Помощник министра, до этого слушавший вполуха, играя тяжелой золотой цепочкой от часов, при упоминании имени Распутина навострил уши, попросил поподробнее рассказать обо всех разговорах, происходивших во время этой последней трапезы, и пообещал Червинской незамедлительно уладить ее дело. Прощаясь, он попросил засвидетельствовать свое почтение Николаю Петровичу, которого он уже давно не видел.
Степан Петрович Белецкий лишь недавно, одновременно с назначением Хвостова министром внутренних дел, добился поста помощника министра; теперь в его обязанности входило руководство полицией, прежде всего политическим сыском.
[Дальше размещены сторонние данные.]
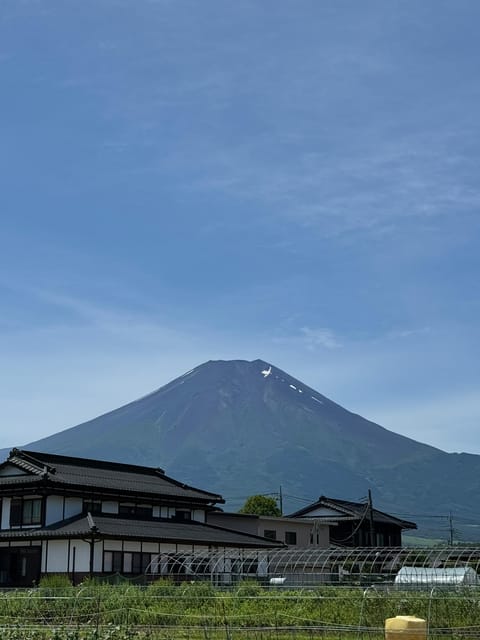 Mount Fuji,Oshino Hakkai , Kawaguchi Lake,1-Day Private Tour - Transportation & Pickup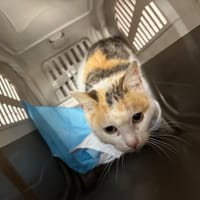 TRINITY, chatte à adopter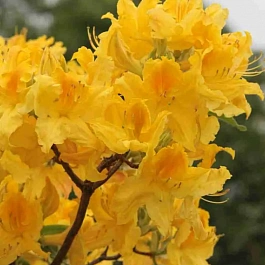 Азалия Marabella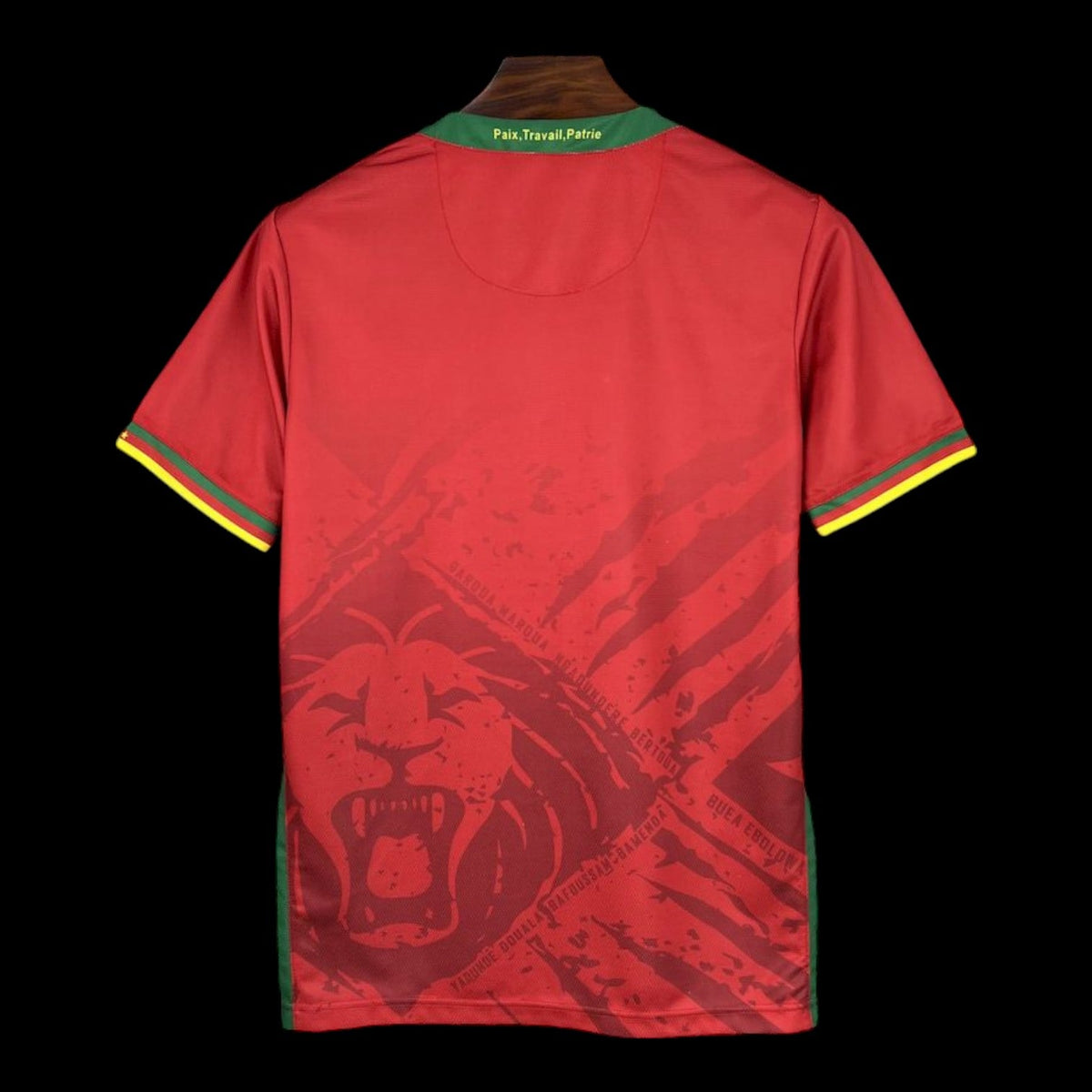 Cameroun Maillot Extérieur 25/26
После того как великий князь Николай Николаевич и «истинно русские люди» отвернулись от Распутина, Белецкий стал одним из самых ловких шпионов за старцем; почти ежедневно он докладывал начальнику канцелярии великого князя генералу Балинскому о разврате и пьяных оргиях Григория, таким образом поставляя «Николаевичам» и их супругам материал, который те лихорадочно собирали.
Когда только назначенный помощник министра услышал от Червинской о дружбе Григория Ефимовича с князем Андронниковым, он, как опытный специалист секретной службы, тут же усмотрел в рыбных трапезах огромные возможности для себя, ему открывался удобный случай постоянно быть в курсе дела частных высказываний старца, а следовательно, доставлять желанный материал для великого князя Николая Николаевича и «истинно русских людей», намеревавшихся вредить Распутину. Но помимо этого личного интереса Белецкий, будучи помощником министра, видел, какими важными в будущем могут стать подобные «рыбные» застолья, так как само министерство было в значительной степени заинтересовано в постоянном подробном уведомлении о намерениях и планах могущественного «друга».